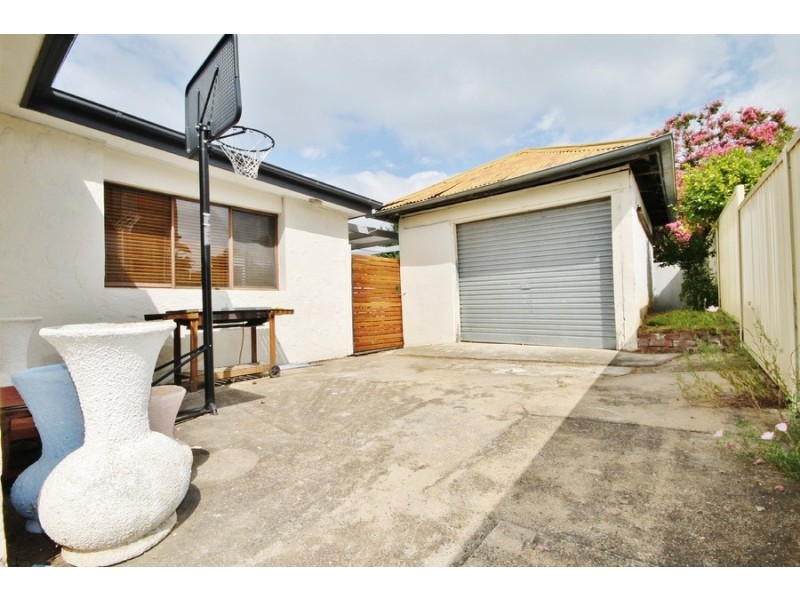 283 Peel Street, Bathurst NSW 2795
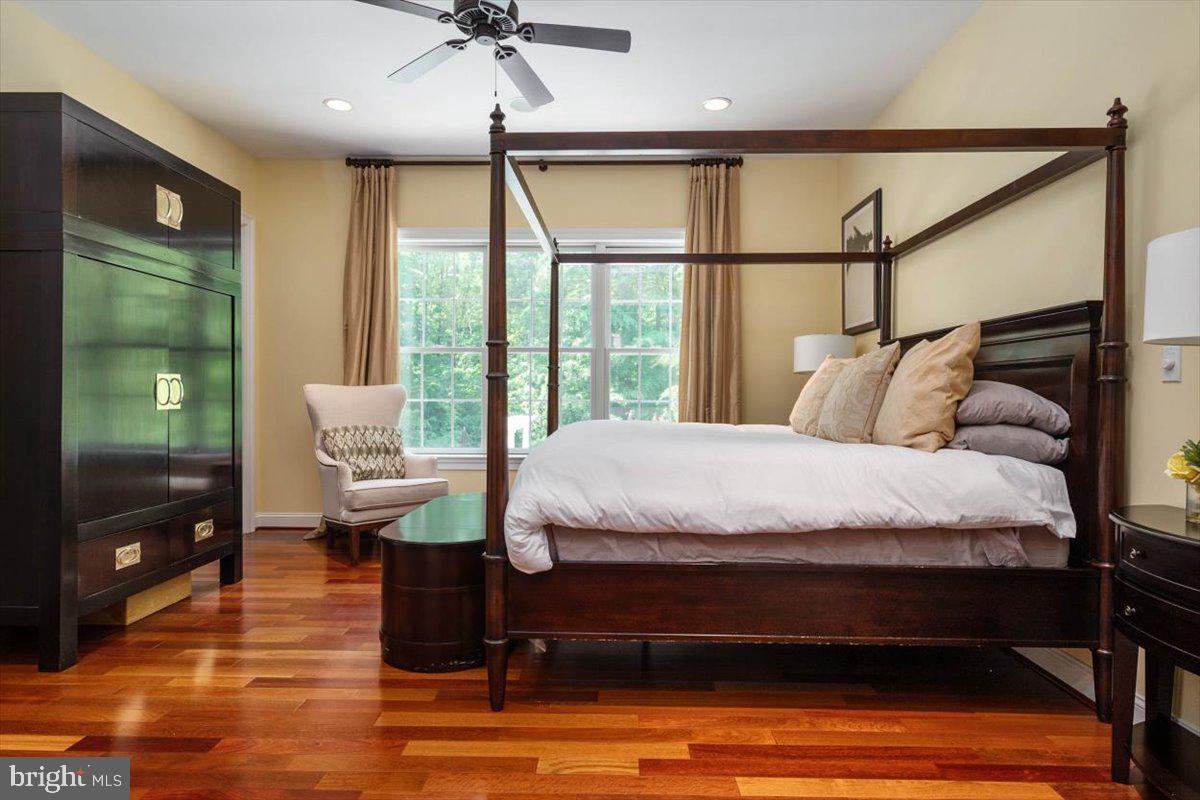 860 Governor Bridge Road Davidsonville, MD 21035 - Photo 27 of 68 Main level guest bedroom
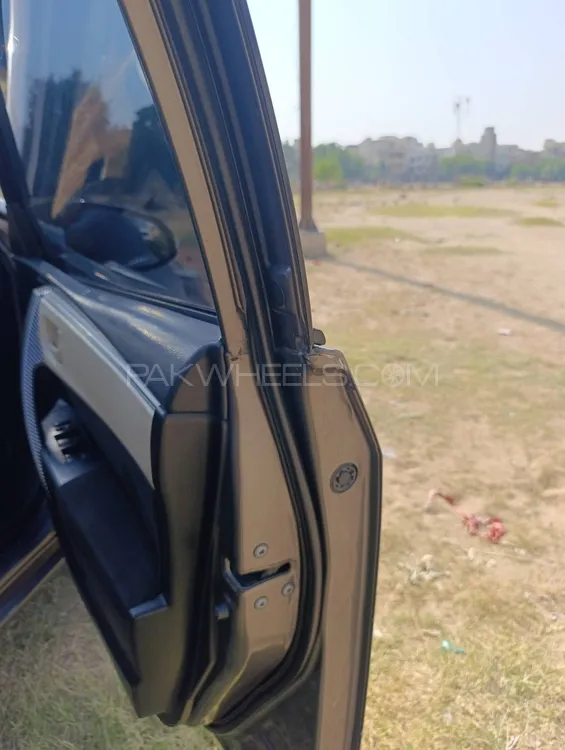 Toyota Corolla 2016 for Sale in Karachi Toyota Corolla 2016 for Sale in Karachi Image-5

**Task goal:** The expected output is every line of the data, unchanged, with the pictures skipped.

**Problem solution:**
 283 Peel Street, Bathurst NSW 2795
 860 Governor Bridge Road Davidsonville, MD 21035 - Photo 27 of 68 Main level guest bedroom
 Toyota Corolla 2016 for Sale in Karachi Toyota Corolla 2016 for Sale in Karachi Image-5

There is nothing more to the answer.